A good marketing plan is based on deep customer understanding – who they are, how they view solutions and how they buy. That said, I’ve never built a marketing plan that wasn’t based on at least a dozen different things that I didn’t know and simply had to assume were true. Early in my career I didn’t worry too much about those assumptions as long as I had marketing tactics that seemed to be working. Until they stopped working. Then I worried about them a lot. Now I find I spend a lot more time exploring what my key assumptions are up front and then looking at what clues my metrics give me about how those assumptions might be refined or shifted.

Here are some examples:

Target buyer assumptions – You might have assumptions about who your target buyers are. For example, I’ve built programs aimed at business buyers where we made an assumption that IT would be largely in charge of the purchase and would be the budget holder, while line of business folks were merely influencing the purchase. One of my campaigns – a combination email and inside sales call-out campaign showed that business buyers were increasingly becoming the budget holders and we needed to shift our list building efforts, programs and tactics. At another company we assumed that buyer persona’s in one vertical were similar to those in another. After a couple of fairly unsuccessful campaigns was discovered that smaller companies in the new vertical used completely different job titles and we were often targeting the wrong person in the organization.

Messaging/Offering assumptions – You will often have assumptions about what customers think are the most important features of your offering and how they describe the value of those features. These are likely to shift over time as not only your product evolves but also your competitive landscape evolves. For example I was once marketing a graphing tool for developers where our biggest advantage was the large number of different types of charts we supported. However at one point our largest competitor got close to us in terms of the number of charts they supported and what we assumed was our key differentiator didn’t seem all that different any more. Going back to our customers however revealed that our assumption wasn’t exactly correct and that they were interested in having many different kinds of charts but the flexibility in being able to customize them was really where the value was.

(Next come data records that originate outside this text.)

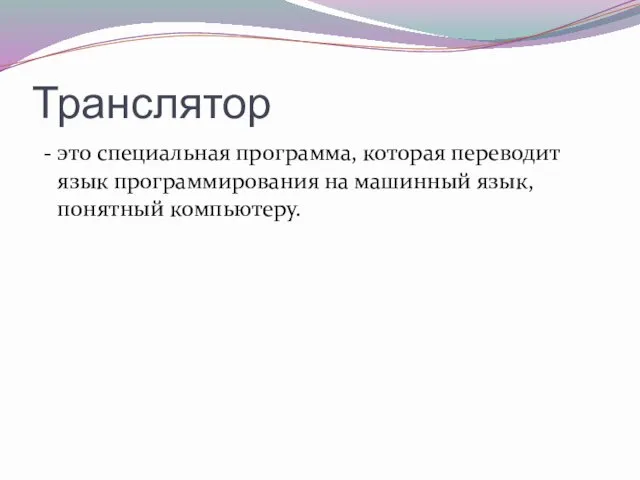 Транслятор - это специальная программа, которая переводит язык программирования на машинный язык, понятный компьютеру.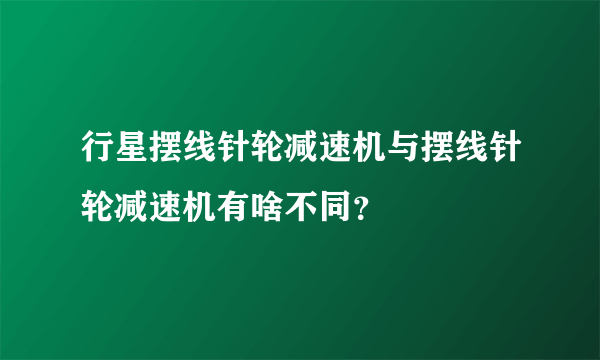 行星摆线针轮减速机与摆线针轮减速机有啥不同？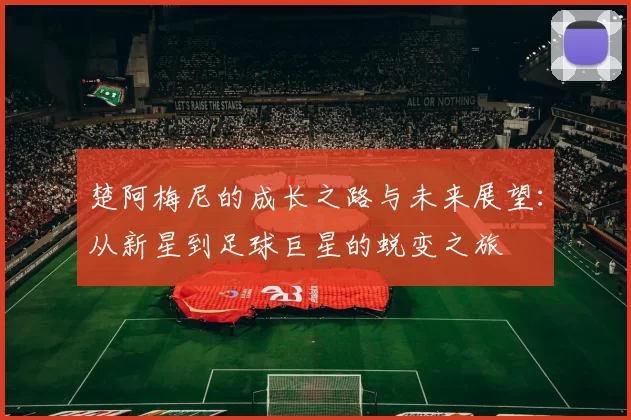 楚阿梅尼的成长之路与未来展望：从新星到足球巨星的蜕变之旅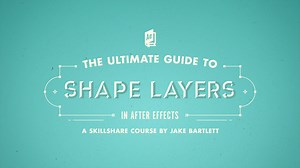 The Ultimate Guide to Shape Layers in Adobe After Effects | Jake Bartlett | Skillshare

Buying cycle assumptions – you might assume that a purchase goes through a certain process and then later your sales data might indicate something else is happening. For example at one B2B startup I worked at we mapped a sales process that included approval by purchasing as the final step to a deal. Legal teams might be involved but we assumed that they were largely driven by purchasing and weren’t a significant step in the buying process on their own. This was true – but only for smaller companies. As we pushed into larger companies we were seeing increasing legal involvement and started creating materials to address the common concerns that came up when our contract when to a prospect’s legal group.